After several installations and Skype for Business 2015 (S4B) Server upgrades, a colleague of mine pushed my attention to a large ammount of event id 4097 warnings on the Administrative Events view related to Windows Fabric. The rate if this flood could be 3-5 events every 5-15 minutes:
– “cert chain trust status is in error: 0x1000040”
– “ignore error 0x80092013:certificate revocation list offline”
You can check all those events on the specific Windows Fabric log shown on the below picture.
Question: Why and where do this event come from?
S4B installs Windows Fabric 3.0 and added, between others, additonal securitys setting in the fabric intracluster communications. You can find this settings on several configuration files:
%PROGRAMDATA%\Windows Fabric\FabricHostSettings.xml
%PROGRAMDATA%\Windows Fabric\<FEserverFQDN>\Fabric\ClusterManifest.current.xml
%PROGRAMDATA%\Windows Fabric\<FEserverFQDN>\Fabric\Fabric.Data\InfrastructureManifest.xml”
%PROGRAMDATA%\Windows Fabric\<FEserverFQDN>\Fabric\Fabric.Config.<version>\Settings.xml”
The relevant settings related to the events can be found on the ‘Security’ section:
<Section Name=”Security”>
….
<Parameter Name=”SessionExpiration” Value=”28800″ />
<Parameter Name=”IgnoreCrlOfflineError” Value=”true” />
<Parameter Name=”CrlCheckingFlag” Value=”3221225476″ />
….
</Section>
The IgnoreCrlOfflineError is self-explanatory: If Windows Fabric encounters this error, ignore it and continue operations. For the CrlCheckingFlag values we need to look a little ‘deeper’. The Windows Fabric configuration files are generated by the Front-End server (RTCSRV / RtcHost module) at service startup based on this template file:
<S4B installation folder>\Server\Core\ClusterManifest.Xml.Template
On this file you will find a little more about the flags value:
<!–
CrlCheckingFlag setting follows the rest of the Lync Server components (sipstack, web) which set the following flags:
CERT_CHAIN_CACHE_ONLY_URL_RETRIEVAL=0x00000004 | // do not go on the wire for cert retrieval
CERT_CHAIN_REVOCATION_CHECK_CACHE_ONLY=0x80000000 | // do not go on the wire for cert revocation check
CERT_CHAIN_REVOCATION_CHECK_CHAIN_EXCLUDE_ROOT=0x40000000
0xC0000004=3221225476 (unsigned int)
–>
<Parameter Name=”CrlCheckingFlag” Value=”%CRLCHECKINGFLAG%” />
More information regardind the flags can be found on MSDN CertGetCertificateChain function.
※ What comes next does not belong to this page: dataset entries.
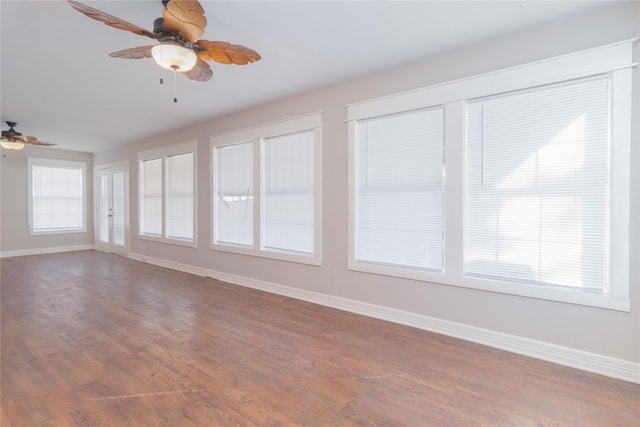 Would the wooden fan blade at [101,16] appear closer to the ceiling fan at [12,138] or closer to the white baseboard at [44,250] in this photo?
the ceiling fan at [12,138]

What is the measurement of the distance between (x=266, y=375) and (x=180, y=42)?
8.15 feet

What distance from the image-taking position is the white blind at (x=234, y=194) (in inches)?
180

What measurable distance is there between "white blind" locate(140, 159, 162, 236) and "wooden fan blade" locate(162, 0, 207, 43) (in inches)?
184

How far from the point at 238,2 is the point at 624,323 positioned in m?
3.60

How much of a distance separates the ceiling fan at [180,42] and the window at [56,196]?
7.32 meters

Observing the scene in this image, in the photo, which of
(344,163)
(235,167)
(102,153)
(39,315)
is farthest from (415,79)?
(102,153)

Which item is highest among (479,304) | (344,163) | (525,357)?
(344,163)

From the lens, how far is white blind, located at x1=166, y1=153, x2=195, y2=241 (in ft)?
18.1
Basically, S4B services (including the Fabric) are configured to check certificates revocation (CRL) using local cache only, as the comments on the template says: do not go on the network to retrieve and check the CRL.
So… how does it check for a certificate revocation?
Running a trace on the Fabric process, we can see that it never tries to connect to a CRL distribution server but, a little before the events are logged, it reads the registry keys related to certificates.
Since there are no cached or local CRL available, it will report an CRL offline error, ignore it, but still write it on the event log.
Do the other Skype for Business services report this error? No, it’s hidden. They cause the same issue but, to see it, you need to enable CAPI2 logging:
Question: What can we do about this ?
I can see at least 3 options:
Option A (The ‘no worries’ one) – Ignore it!
Difficult level: noob
Advantages: Nothing to be done. It’s a normal S4B operation and nothing is affected
Disadvantages: Your administrative events view will be full of these events which makes difficult to find important warning
Option B (The ‘clean’ one) – provide the CRL to the local server
Difficult level: professional services
Advantages: You will not just stop seeing the Fabric events, but it will also optimize all the other S4B services
Disadvantages: Requires knowledge and script programming, since you want to schedule a task to get the CRL and put it on the machine certificate local store.
This option also proves how the CRL caching / ignoreofflineCRL works.
Instructions:
1. Find the certificate name used by Windows Fabric. You can get this from the Fabric configuration files (spoiler alert: it’s the same used by Lync internal services)
2. Find on the certificate the Distribution paths where to get the CRL
3. Download the CRL and install it on the Trust Root CA or Intermediate CA store depending if the certificate was issue by a Root or a Subordinate CA
As soon as you upload the CRL to the local computer certificate store, you will see that the Fabric process will read the CRL from the store.
… and no more 4097 events !
As you noticed, the CRL are updated regularly (daily or weekly) so they have an expiration and need to be retrieved. This means that doing this manually is a error-prune, time-comsuming task, which you can solve with a scheduled script (not included on this blog… yet!)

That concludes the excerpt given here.